### Items from a data source
-- -- --

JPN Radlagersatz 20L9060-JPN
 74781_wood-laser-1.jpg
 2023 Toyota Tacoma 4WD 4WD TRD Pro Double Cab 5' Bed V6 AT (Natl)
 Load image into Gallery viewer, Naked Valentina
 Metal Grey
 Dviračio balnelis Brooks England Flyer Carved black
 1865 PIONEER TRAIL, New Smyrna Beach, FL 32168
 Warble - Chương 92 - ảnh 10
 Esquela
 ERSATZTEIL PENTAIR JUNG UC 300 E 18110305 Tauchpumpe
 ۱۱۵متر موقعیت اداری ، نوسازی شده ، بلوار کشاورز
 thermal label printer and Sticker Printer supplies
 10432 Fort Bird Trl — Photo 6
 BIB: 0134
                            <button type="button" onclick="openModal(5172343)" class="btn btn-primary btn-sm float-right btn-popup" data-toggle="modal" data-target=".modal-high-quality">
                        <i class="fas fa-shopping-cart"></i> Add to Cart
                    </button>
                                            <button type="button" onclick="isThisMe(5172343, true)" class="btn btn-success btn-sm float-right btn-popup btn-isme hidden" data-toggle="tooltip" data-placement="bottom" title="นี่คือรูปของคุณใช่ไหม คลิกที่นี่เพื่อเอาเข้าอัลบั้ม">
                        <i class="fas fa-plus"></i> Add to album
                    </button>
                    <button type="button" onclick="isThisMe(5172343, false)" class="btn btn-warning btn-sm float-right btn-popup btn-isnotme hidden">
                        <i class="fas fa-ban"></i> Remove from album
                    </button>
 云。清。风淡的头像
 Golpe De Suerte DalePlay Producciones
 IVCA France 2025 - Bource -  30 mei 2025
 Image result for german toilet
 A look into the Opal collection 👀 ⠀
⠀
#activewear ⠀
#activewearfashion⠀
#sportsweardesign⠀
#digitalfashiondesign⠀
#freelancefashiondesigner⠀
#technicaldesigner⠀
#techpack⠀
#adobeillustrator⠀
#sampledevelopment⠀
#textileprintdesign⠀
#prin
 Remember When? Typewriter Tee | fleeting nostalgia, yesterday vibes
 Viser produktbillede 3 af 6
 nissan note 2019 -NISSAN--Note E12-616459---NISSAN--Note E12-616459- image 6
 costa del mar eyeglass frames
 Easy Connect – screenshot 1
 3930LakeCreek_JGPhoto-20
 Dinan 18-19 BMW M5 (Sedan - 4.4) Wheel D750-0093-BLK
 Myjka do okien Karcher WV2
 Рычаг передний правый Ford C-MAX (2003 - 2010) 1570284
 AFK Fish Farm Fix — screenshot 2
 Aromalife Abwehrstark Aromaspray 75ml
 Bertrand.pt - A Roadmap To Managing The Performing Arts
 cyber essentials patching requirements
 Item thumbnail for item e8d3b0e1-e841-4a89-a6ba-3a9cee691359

-- -- --

Character for character, reproduce all of the lines above.

### The completed task
JPN Radlagersatz 20L9060-JPN
 74781_wood-laser-1.jpg
 2023 Toyota Tacoma 4WD 4WD TRD Pro Double Cab 5' Bed V6 AT (Natl)
 Load image into Gallery viewer, Naked Valentina
 Metal Grey
 Dviračio balnelis Brooks England Flyer Carved black
 1865 PIONEER TRAIL, New Smyrna Beach, FL 32168
 Warble - Chương 92 - ảnh 10
 Esquela
 ERSATZTEIL PENTAIR JUNG UC 300 E 18110305 Tauchpumpe
 ۱۱۵متر موقعیت اداری ، نوسازی شده ، بلوار کشاورز
 thermal label printer and Sticker Printer supplies
 10432 Fort Bird Trl — Photo 6
 BIB: 0134
                            <button type="button" onclick="openModal(5172343)" class="btn btn-primary btn-sm float-right btn-popup" data-toggle="modal" data-target=".modal-high-quality">
                        <i class="fas fa-shopping-cart"></i> Add to Cart
                    </button>
                                            <button type="button" onclick="isThisMe(5172343, true)" class="btn btn-success btn-sm float-right btn-popup btn-isme hidden" data-toggle="tooltip" data-placement="bottom" title="นี่คือรูปของคุณใช่ไหม คลิกที่นี่เพื่อเอาเข้าอัลบั้ม">
                        <i class="fas fa-plus"></i> Add to album
                    </button>
                    <button type="button" onclick="isThisMe(5172343, false)" class="btn btn-warning btn-sm float-right btn-popup btn-isnotme hidden">
                        <i class="fas fa-ban"></i> Remove from album
                    </button>
 云。清。风淡的头像
 Golpe De Suerte DalePlay Producciones
 IVCA France 2025 - Bource -  30 mei 2025
 Image result for german toilet
 A look into the Opal collection 👀 ⠀
⠀
#activewear ⠀
#activewearfashion⠀
#sportsweardesign⠀
#digitalfashiondesign⠀
#freelancefashiondesigner⠀
#technicaldesigner⠀
#techpack⠀
#adobeillustrator⠀
#sampledevelopment⠀
#textileprintdesign⠀
#prin
 Remember When? Typewriter Tee | fleeting nostalgia, yesterday vibes
 Viser produktbillede 3 af 6
 nissan note 2019 -NISSAN--Note E12-616459---NISSAN--Note E12-616459- image 6
 costa del mar eyeglass frames
 Easy Connect – screenshot 1
 3930LakeCreek_JGPhoto-20
 Dinan 18-19 BMW M5 (Sedan - 4.4) Wheel D750-0093-BLK
 Myjka do okien Karcher WV2
 Рычаг передний правый Ford C-MAX (2003 - 2010) 1570284
 AFK Fish Farm Fix — screenshot 2
 Aromalife Abwehrstark Aromaspray 75ml
 Bertrand.pt - A Roadmap To Managing The Performing Arts
 cyber essentials patching requirements
 Item thumbnail for item e8d3b0e1-e841-4a89-a6ba-3a9cee691359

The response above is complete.